Research into Native Hawaiian art and culture led to the writing and publication of the three-time award winning book, Ancient Sites of O’ahu, and three other Hawai’i field guides. In the mid-1990s I became the Country Representative for Hawai’i in the General Anthroposophical Society (Hawai’i has an independent society from America) and was appointed a Class Holder in the School of Spiritual Science and became a council member in the Visual Art Section of North America. I was part of the founding of the Asia Pacific Initiative Group which organized regular conferences in Asia and in this connection I transformed our local Hawai’i newsletter into Pacifica Journal, a publication for communication of anthroposophical news and ideas in the larger Asia-Pacific region, which still publishes biannually. 

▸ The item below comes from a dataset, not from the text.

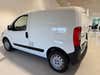 Peugeot Bipper HDi 75 Fresh Van thumbnail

My wife (a three-cycle class teacher) and I retired a year before the pandemic after forty years of teaching at HWS. I also retired as Country Representative from the Anthroposophical Society in Hawai’i after twenty-six years. I am still an active Class Holder, council member in the Visual Art Section of North America, and editor of Pacifica Journal.

Van James Teaching Online

Suddenly and unexpectedly, due to the pandemic, a career in online teaching opened-up, which now allows me to continue the work I love as a teaching artist and to explore my own work from home. Because my teaching has dealt with all age groups, mediums, and styles of 2-D visual art (painting, drawing, graphic design, etc.), my own artwork tends to be rather diverse. I change my style of working according to what courses, projects, or commissions I may be working on. I don’t find a fixed style to be advantageous unless one is intent on establishing a brand—not my goal. I am extremely grateful to have found and continue to find an artistic deepening possible in my life and work.